# Why do my stem plants always melt?



## ladybugzcrunch (Jul 26, 2009)

Seems like I can keep all kinds of plants except stem types. The only variety that I have had success with is hornwort. Everything else melts within a week or two. Is there something special that I should do with stem plants differently than with rooted plants?


----------



## Number6 (Mar 13, 2003)

what sort of stem plants?

The most common cause of melting is the way they were grown for the trade in the first place, but to completely melt away usually means lack of light, etc.


----------



## ladybugzcrunch (Jul 26, 2009)

Newly melted plants included moneywort, dragonfire foxtail, Ludwigia, Rotala, and some other bushy unid green stem plant. The moneywort was melted within a week but the leaves started melting right away, and the dragonfire stems are mostly still in place but all the bushies have melted off them. The green bushy is doing better but is melting at the point that I weigh it down. The Rotala melted completely within an hour of putting it in my aquarium, and the Ludwigia melted completely within three days. They shipped wrapped in wet newspaper priority mail-it took 2 days. I got these stems in a grab bag with a bunch of other stuff. I don't have the most light, one daylight T8 on a 29g but the tank is also between two windows which provide lots of light as well.


----------



## DJRansome (Oct 29, 2005)

I don't keep those because they need a lot of light, and I have two watts/gallon.


----------



## adam79 (Jun 27, 2007)

Too much ligt without CO2 would cause them to melt away as well. If you don't inject CO2, stick with low light plants and keep your lights low.


----------



## kuhliLoachFan (May 30, 2010)

Try hygro. Can't kill it. 

I had the SAME exact experience. I have about 2w/gallon light intensity, tanks from 10 to 70 gallons. Hornwort grew like crazy. Everything else melted. I added Excel, I tried planted tank substrates of various kinds. I even went and bought fancy lights to up the light intensity, and still everything else melts.

Oh. And java fern. You can put that on a log and it will do fine, unless your nitrates kill it by coating it with algae.
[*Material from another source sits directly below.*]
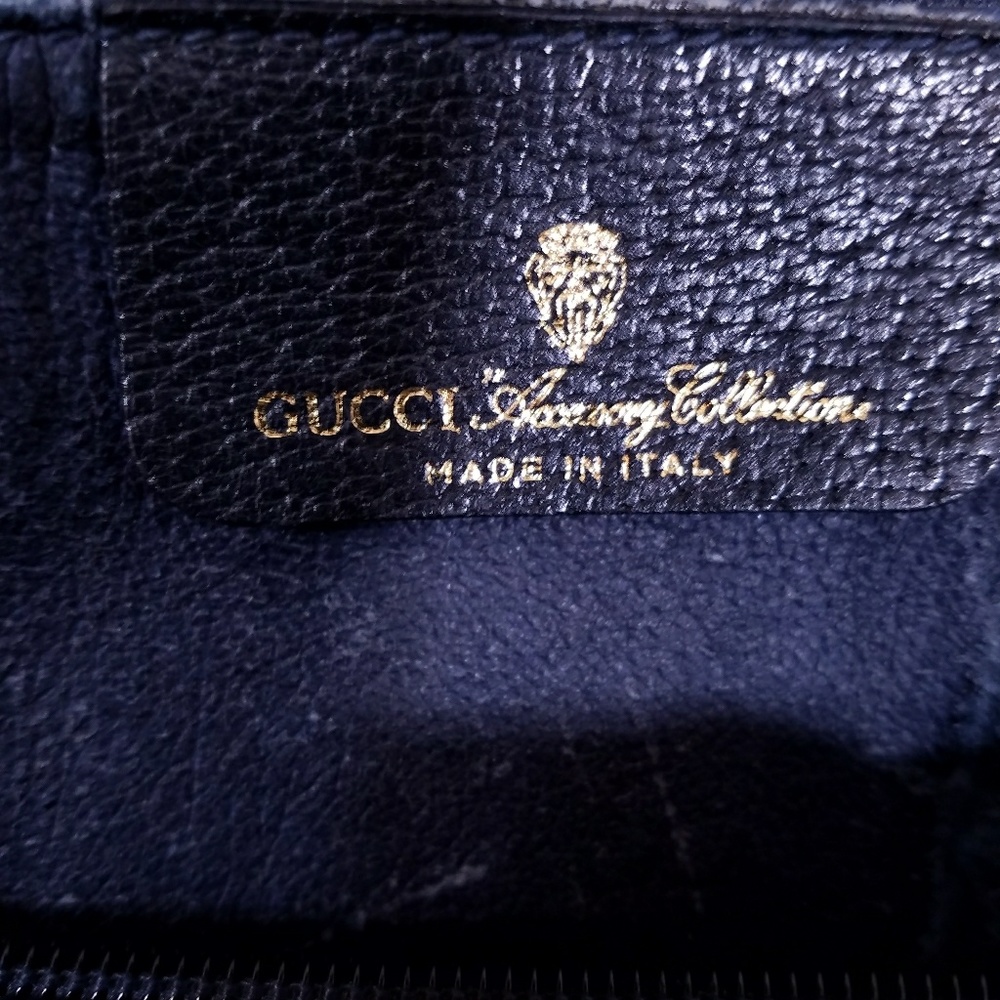 Authentic Gucci GG Supreme Canvas Bag Vintage - Picture 5 of 8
Like others said, adding light but not CO2 doesn't fix much. Since I don't want pressurized CO2 inside my house, and since I don't want to mess with unpressurized CO2 gimmickry, I'm limited too.

W


----------



## dwarfpike (Jan 22, 2008)

Just be carefull with Hygro species, they are illegal in some states.

My Rotala always rotted from below using the outdated WPG method, but did fine with the lumins/gallon usage. But I also needed to add CO2 with it as well.


----------



## AElliott (Feb 14, 2010)

It sounds as though the basic requirements for many of the plants you have mentioned are not being met. Some of the plants you have mentioned (rotala, and ludwigia in particular) can only do well in an environment with very high light(3+wpg), and balanced ferts/ph. One other reason these plants could melt is because they were grown out of the water and once you received them and immersed them in your tank they were not able to acclimate to living in a submerged state. Some varieties of ludwigia and rotala are very tough to grow even in ideal environments (rotala macranda, narrow leaf ludwigia, rotala magenta). Trying to grow stem plants can be frustrating but if you research each varitey you are trying to grow you may have more success HTH.


----------



## varya (Dec 28, 2009)

You are very lucky that you have many aquariums


----------



## ladybugzcrunch (Jul 26, 2009)

varya said:


> You are very lucky that you have many aquariums


  Agreed but I am not so lucky to be plum crazy with this fish thing!


----------



## Pali (Dec 22, 2009)

I use liquid carbo from happy life, I have also seen you can get C02 tabs at the LFS but have never tryed them myself. 
Also there is the option to make Co2 from yeast and sugar mixtures, if the thourt of a pressureiced bottle seems scary or too ekspencive to setup with pressure valves and all that stuff needed.


----------



## Maccgyver (Jun 6, 2010)

Seachem makes a product called Flourish for water plants that seems to do very well for me to make sure they get all the nutrients they require. I am a little under the 2watt per gallon as I only have a 15watt Life Glo T8 but my crypt and grasses seem to be doing fine.


----------